▶ Exercise requirements: Return the material exactly, first line through the line containing "เกมส์ Where's Waldo: The Fantastic Journey", and nothing more. Pictures stay out.

▶ Information given:
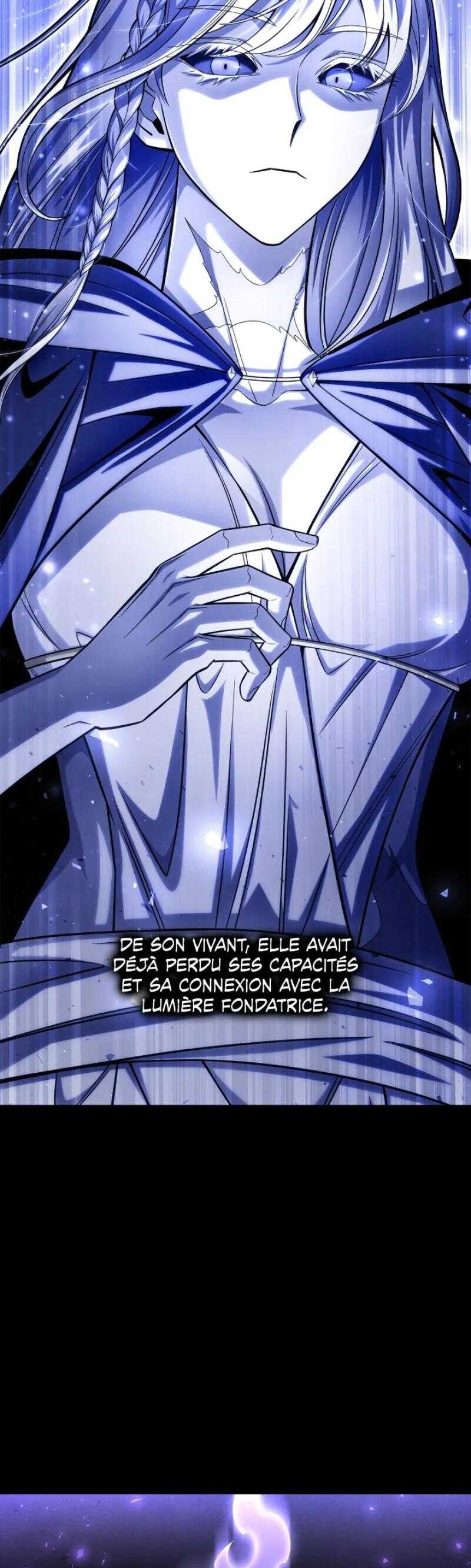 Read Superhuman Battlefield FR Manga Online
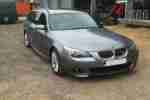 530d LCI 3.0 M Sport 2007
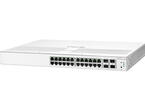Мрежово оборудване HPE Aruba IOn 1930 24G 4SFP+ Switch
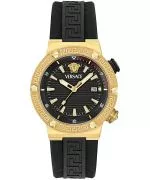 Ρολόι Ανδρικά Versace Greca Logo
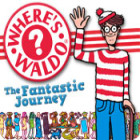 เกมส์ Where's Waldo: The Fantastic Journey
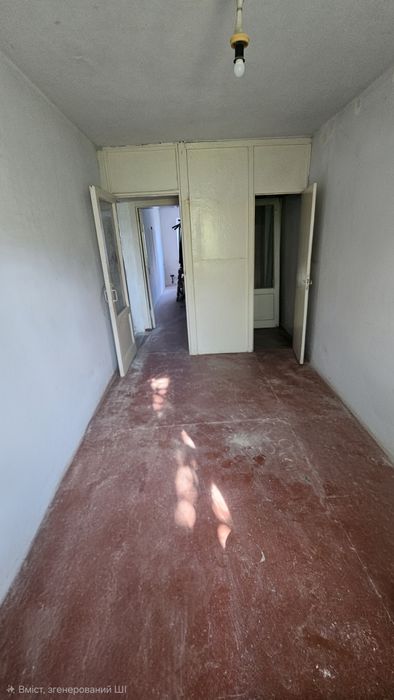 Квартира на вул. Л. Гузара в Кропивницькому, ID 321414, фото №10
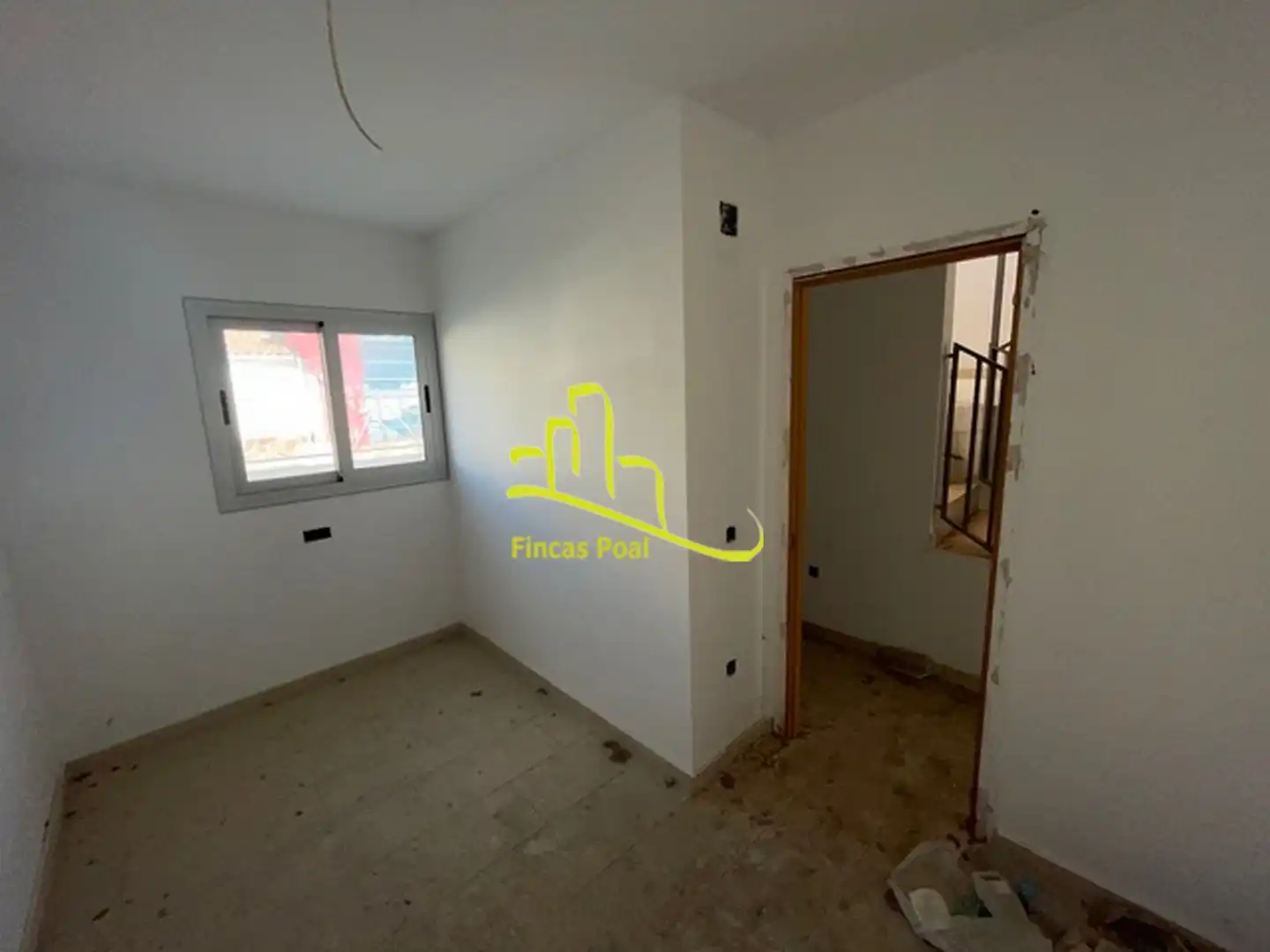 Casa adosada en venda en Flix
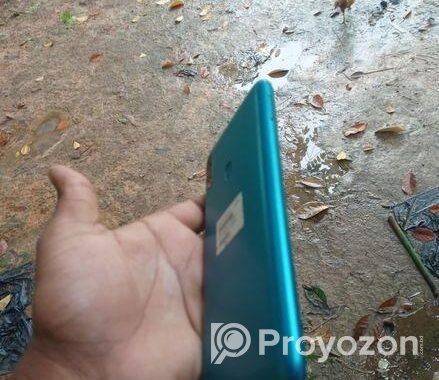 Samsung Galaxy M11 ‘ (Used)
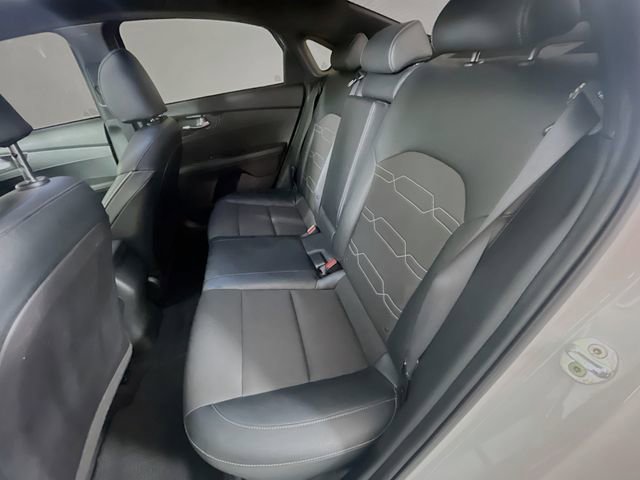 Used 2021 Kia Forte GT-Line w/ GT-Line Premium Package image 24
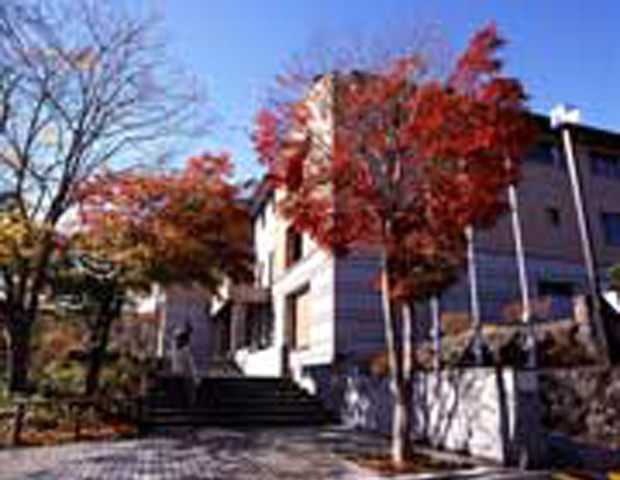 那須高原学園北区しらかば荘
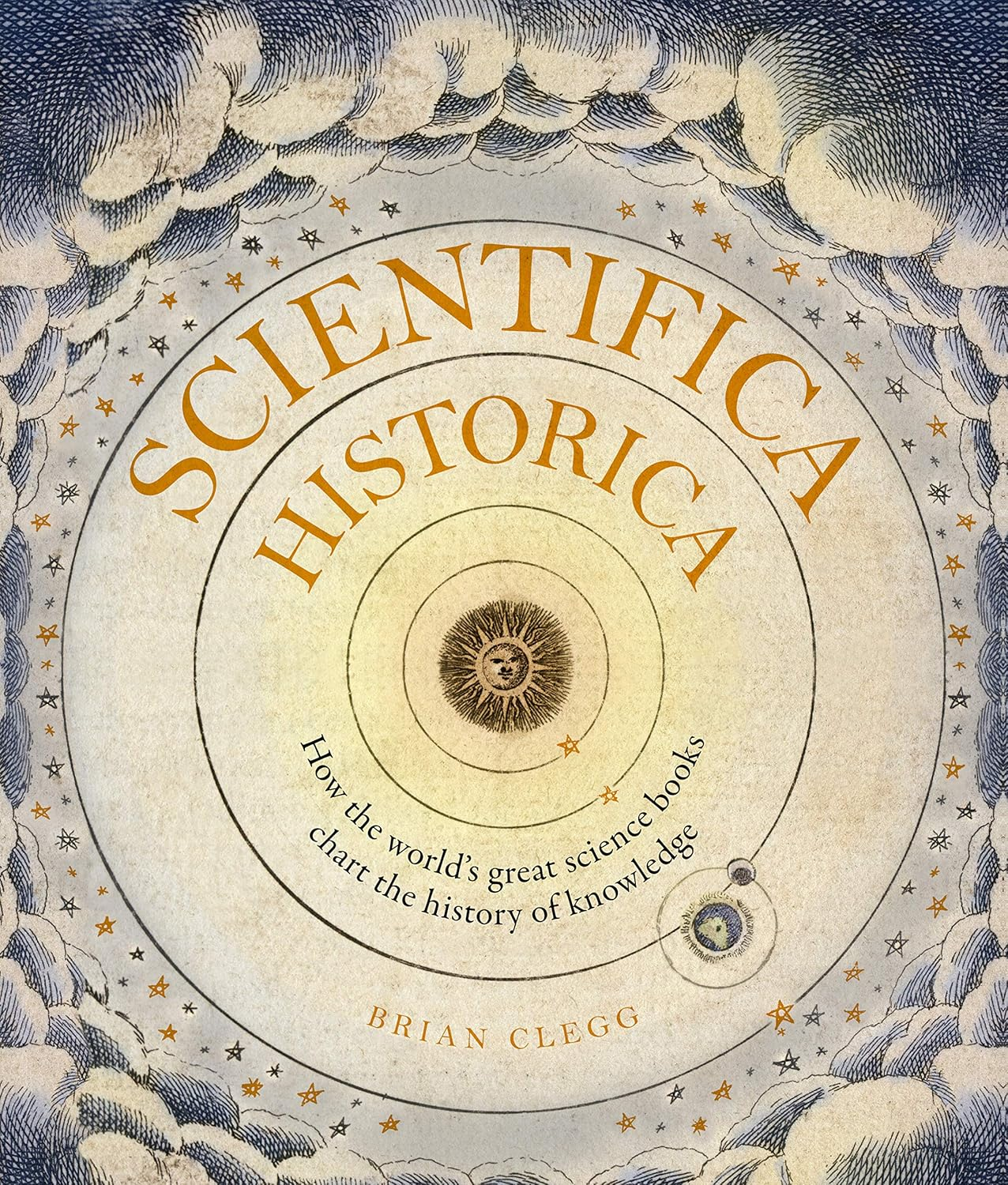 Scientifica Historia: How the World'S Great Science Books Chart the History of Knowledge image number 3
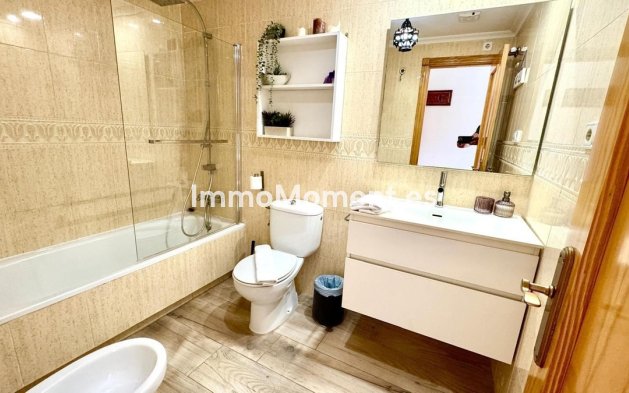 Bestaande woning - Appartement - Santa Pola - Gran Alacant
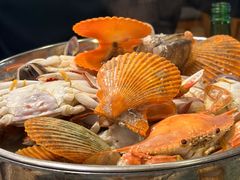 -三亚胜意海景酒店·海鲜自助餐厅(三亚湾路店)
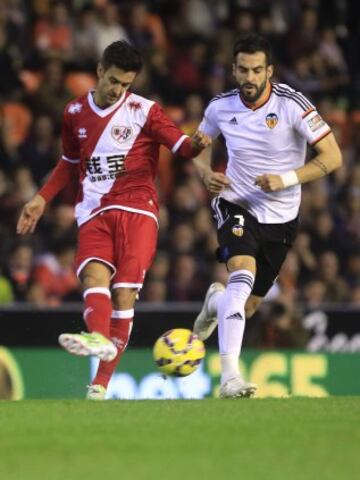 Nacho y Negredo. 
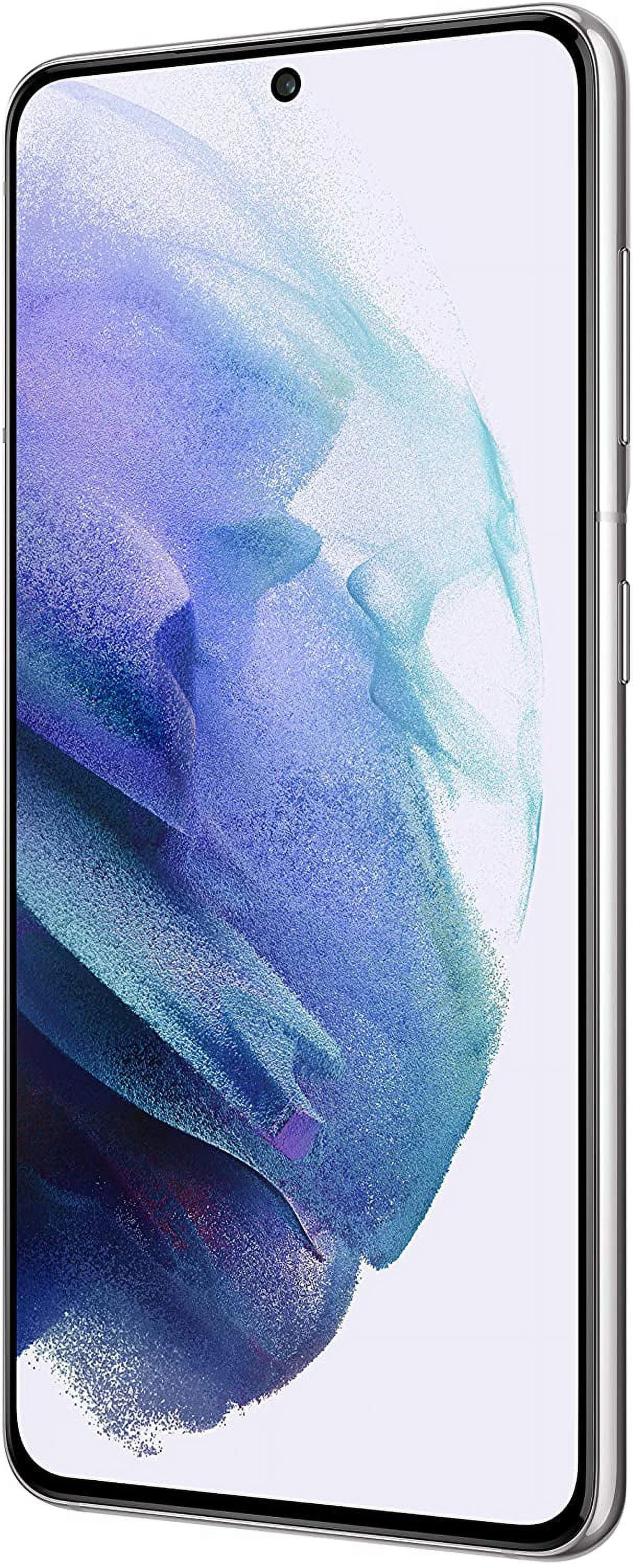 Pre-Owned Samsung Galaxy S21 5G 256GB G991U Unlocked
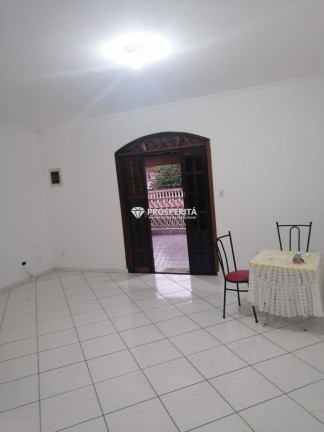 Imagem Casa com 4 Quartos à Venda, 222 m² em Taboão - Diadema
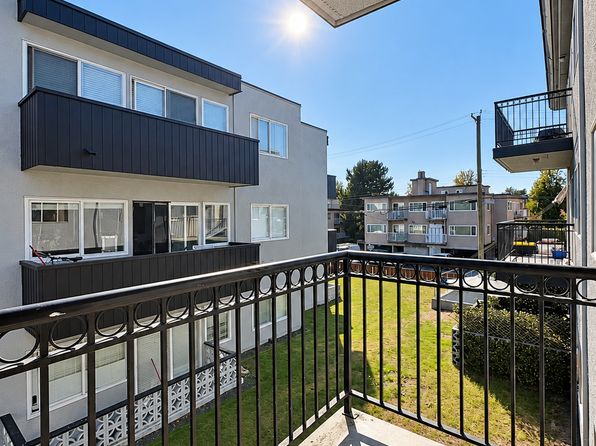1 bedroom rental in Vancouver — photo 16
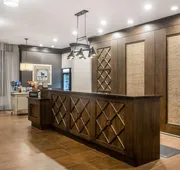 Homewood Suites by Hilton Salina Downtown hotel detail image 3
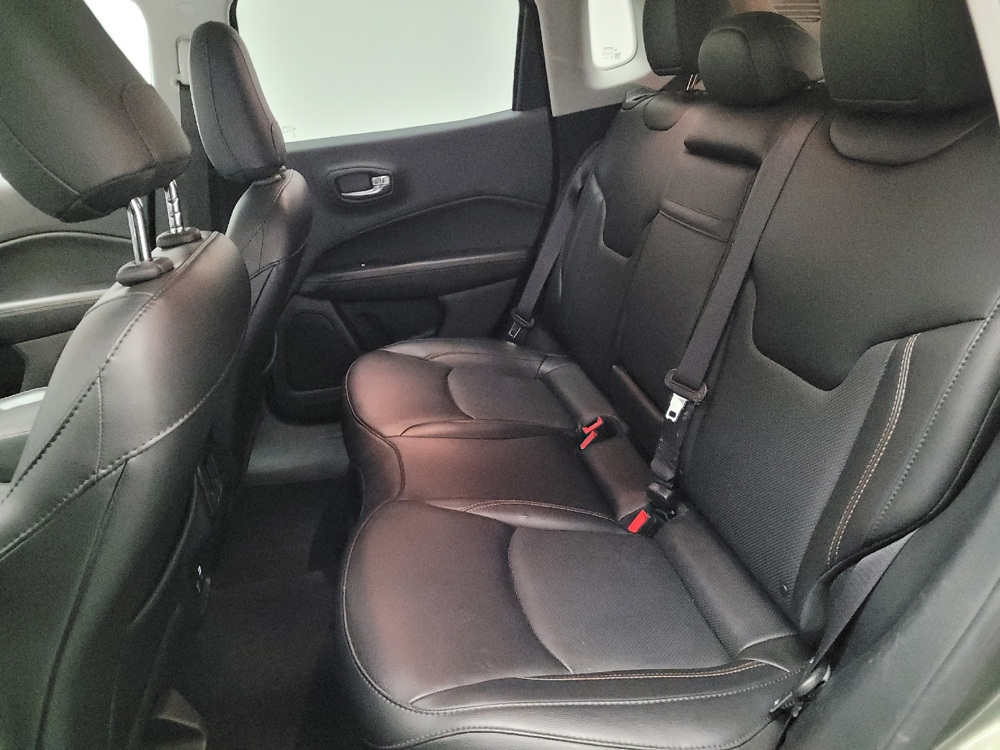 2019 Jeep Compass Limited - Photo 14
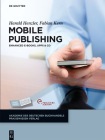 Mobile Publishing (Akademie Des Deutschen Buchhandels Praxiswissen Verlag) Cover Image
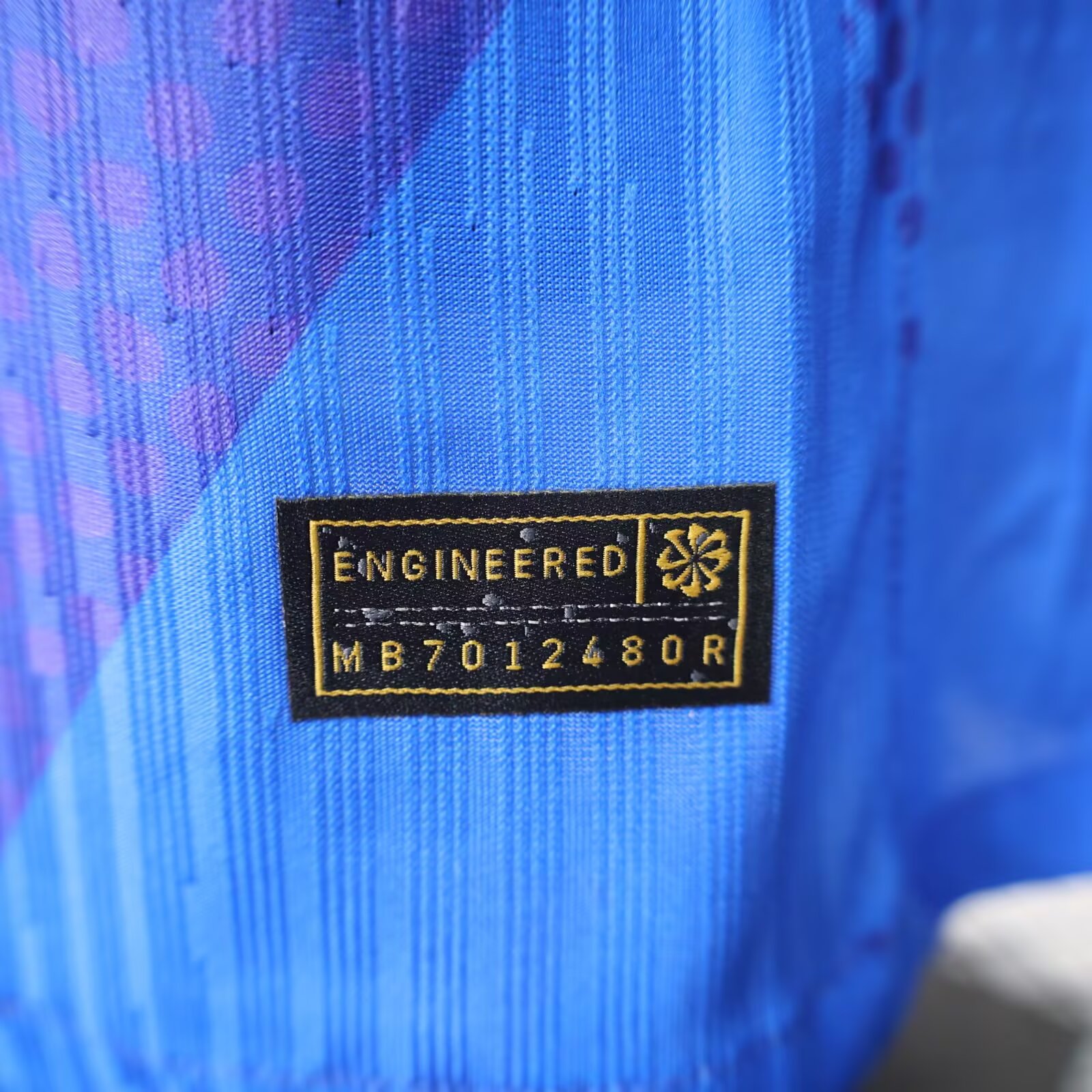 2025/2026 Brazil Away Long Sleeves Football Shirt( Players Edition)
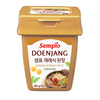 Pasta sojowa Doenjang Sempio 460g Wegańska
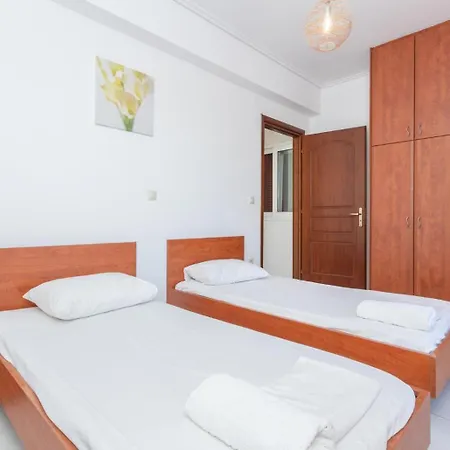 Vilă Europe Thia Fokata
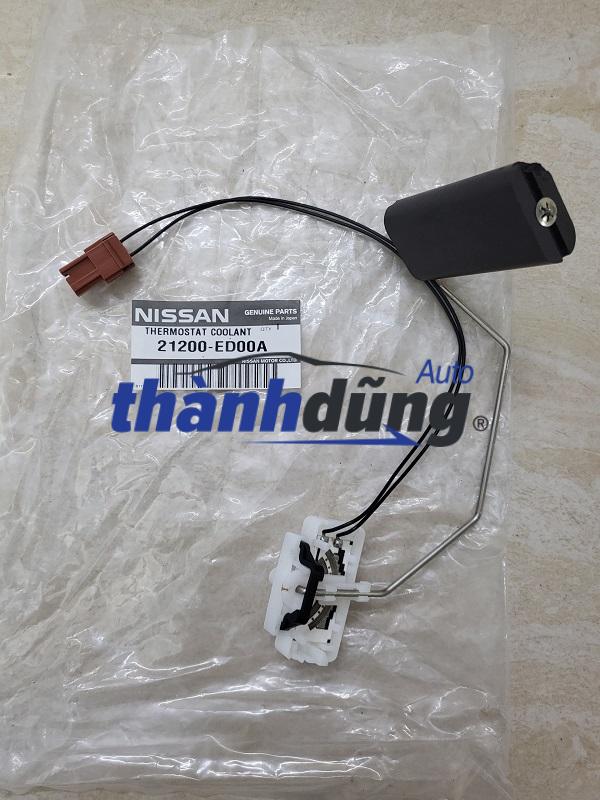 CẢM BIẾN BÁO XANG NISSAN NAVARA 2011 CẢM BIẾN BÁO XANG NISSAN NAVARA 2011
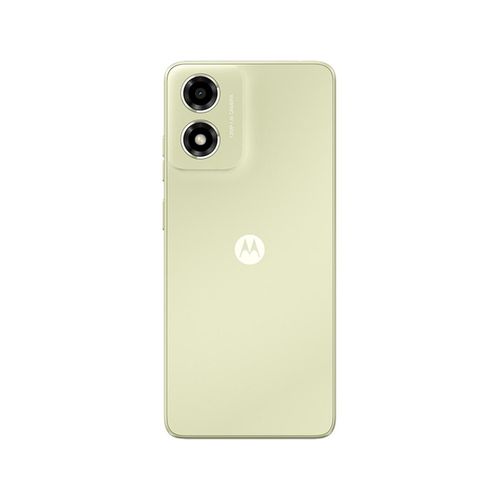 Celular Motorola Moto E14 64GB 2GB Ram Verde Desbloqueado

▶ Expected output:
 Read Superhuman Battlefield FR Manga Online
 530d LCI 3.0 M Sport 2007
Мрежово оборудване HPE Aruba IOn 1930 24G 4SFP+ Switch
 Ρολόι Ανδρικά Versace Greca Logo
 เกมส์ Where's Waldo: The Fantastic Journey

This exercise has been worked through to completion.